No wonder the retail and hotels and restaurants sectors each grew at upwards of 8 per cent a year for the past three years. Topping the growth charts has been the communications sector, expanding at over 20 per cent a year since 2000.
No longer is the demand confined to the metros or to certain classes, insists Adarkar. Spending on the luxury and premium segments is, he admits, skewed towards the rich but notes that the boundaries between premium and non-premium is increasingly getting blurred. Across products, companies are now catering to a new “masstige” (mass and prestige) segment — Accent, Esteem and Indigo in cars, Titan in watches, Park Avenue and Vivaldi in shirts. An NCAER survey on the Great Indian Middle Class showed that the bulk of the spending action is in small towns.
Demand, notes Shukla, who anchors the survey, will always be relative to people’s buying power.
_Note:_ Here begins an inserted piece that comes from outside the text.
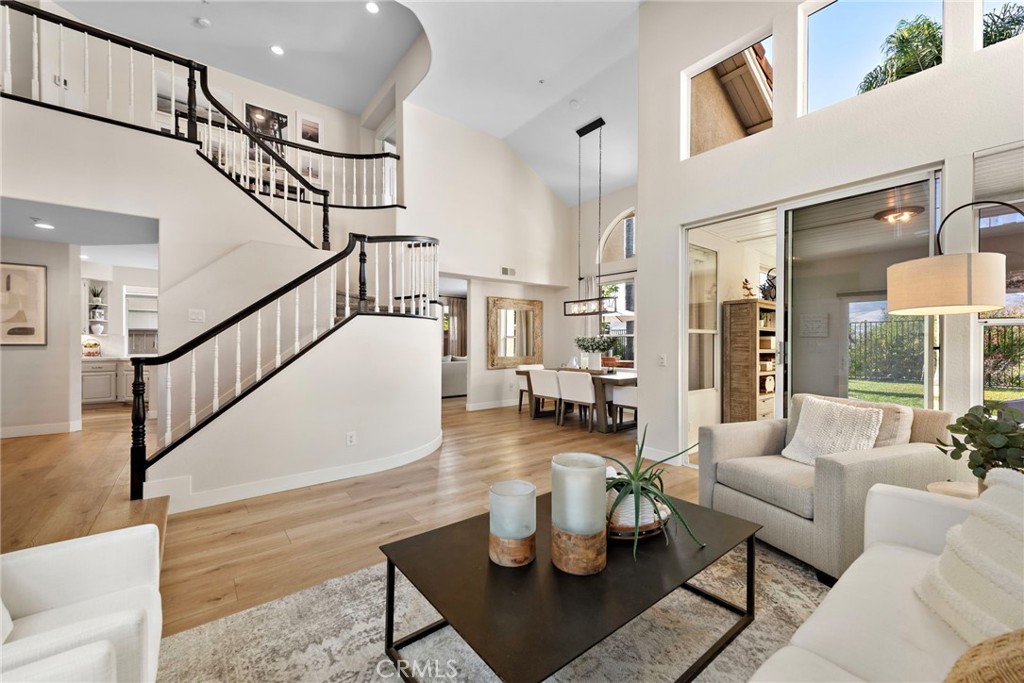 MLS #OC25032639 image #3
So while practically all consuming households buy toiletries, watches, radios and bicycles, only half of them buy black and white televisions and sewing machines. The penetration levels of colour televisions, refrigerators, washing machines and two wheelers is only 40 per cent and that of cars and air conditioners even less at 10 per cent.
Spending isn’t just an India story. It is also a Bharat story. The rural market, says Pradeep Kashyap, CEO of marketing consultancy firm MART, is growing faster than the urban market. The NCAER survey shows that the demand for two-wheelers, refrigerators, colour televisions and washing machines in rural areas is quite high. There’s also a huge demand for second-hand cell phone handsets in rural areas. That’s probably why firms such as Godrej, ITC and Shriram Fertilisers have got into rural retailing in a big way, with stores that started selling agricultural inputs, including seeds, fertilisers and equipment, now dealing in consumer goods and textiles.
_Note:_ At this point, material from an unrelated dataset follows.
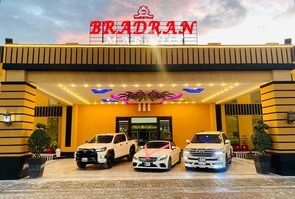 Car For Rent Islamabad & Rawalpindi | Car Hire | Luxury Weddings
However, spending patterns are more uneven in rural areas, with small and marginal farmers and agricultural labourers not quite in the picture. Half of the rural income is with 75 per cent of the population dependent on agriculture, Kashyap notes, while the other half is with 25 per cent of the population engaged in non-farm occupations. The spending skew is tilted towards this group and that of the big farmers who constitute only 2 per cent of the agriculturists, admits Kashyap.
Lack of basic infrastructure like roads and electricity are shackling spending by the rural rich. “Sales of electronic goods will skyrocket once there is assured and good quality power in rural areas,” says Kashyap. But it’s not as if they aren’t contributing to the demand-led growth. They’re spending on building and renovating houses, irrigation and generators. Companies have also not woken up to the full potential, partly out of problems in reaching out to them. One-fourth of the middle class is in rural areas, notes Shukla, but they are scattered over six lakh villages.
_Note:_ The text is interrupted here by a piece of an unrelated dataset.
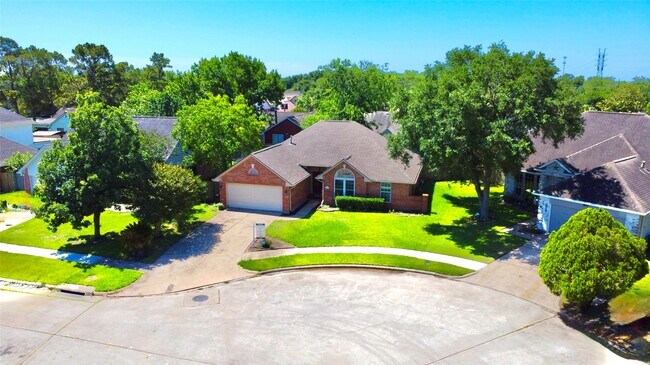 Building Photo - 18715 Forest Forge Dr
What worries Kashyap (and was probably on the Prime Minister’s mind) is the reckless spending on what he calls non-essentials. “Spending is disproportionate to savings. We are borrowing from tomorrow to spend today,” he says. Economists, though, aren’t worrying too much. Household savings accounted for 22 per cent of India’s wealth in 2005-06 and that’s among the highest in the world. And with industry not slowing down its investment plans, the economy, they say, is on a pretty firm footing.
That should have the Mahajans, Aroras, Singhs and Muthus breathe a mite easy as they head for the markets once again.